By 1972, during their extensive tour, The Faces were starting to be overshadowed by Rod's success with his solo career, with 'Never A Dull Moment' being released the same year, reaching number 2 on the US album charts and number 1 in the UK. Other hits from this same album include, 'You Wear It Well', which reached number 13 in the US and went straight to the top position in the UK, and 'Twisting The Night Away', formerly recorded by Sam Cooke.
I'Ooh La La', The Faces' final album reached No. 1 in the UK and No. 21 in 1973. They Faces went on their final tour in 1974 to support Ooh La La and the single "Pool Hall Richard". Faces officially parted in 1975 when Ron Wood joined The Rolling Stones as their guitar player and Rod, chasing his own rainbows.
As with all sunshine, a little rain must fall and so, in late 1974 when Rod released 'Smiler' the album proved an absolute flop. Although in Britain, reached number 1, and 'Farewell' number 7, it only made it to number 13, on the Billboard pop album charts and the single "Mine For Me" only No. 91 on the Billboard pop singles charts. Understandably, Smiler is referred to Rod's less successful albums of the seventies.

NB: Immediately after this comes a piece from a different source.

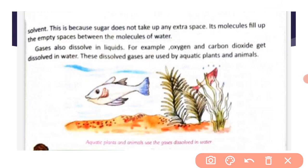Gases also dissolve in liquids. For example, oxygen and carbon dioxide get dissolved in water. These dissolved gases are used by aquatic plants and animals. This is all about matter, states of matter, and changing states of matter that we have discussed in this chapter.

Rod applied for citizenship and moved to the US In 1975, due to his love affair with Britt Ekland and a fight with the Inland Revenue Services (the UK version of the IRS in the States). With producer Tom Dowd, Rod the 'Atlantic Crossing' and a different sound was born based on the Muscle Shoals rhythm section. 'Atlantic Crossing' put Rod back on track again and in the top 10 of the Billboard album charts. 'Sailing', the first single was a instant number 1 in the UK while only making it to the top 60 in the US charts. 'Sailing' made another round on the UK top ten a year later when used as the theme music for a BBC documentary series about HMS Ark Royal. Since it had been a hit twice already, it now remains as Rod's biggest-selling single in the UK. Holland-Dozier-Holland cover "This Old Heart of Mine" was also a top 100 hit in 1976. Musically, 'Atlantic Crossing' proved Rod was, without doubt, distinguishing his more mellow style with material such as Danny Whitten's "I Don't Want To Talk About It".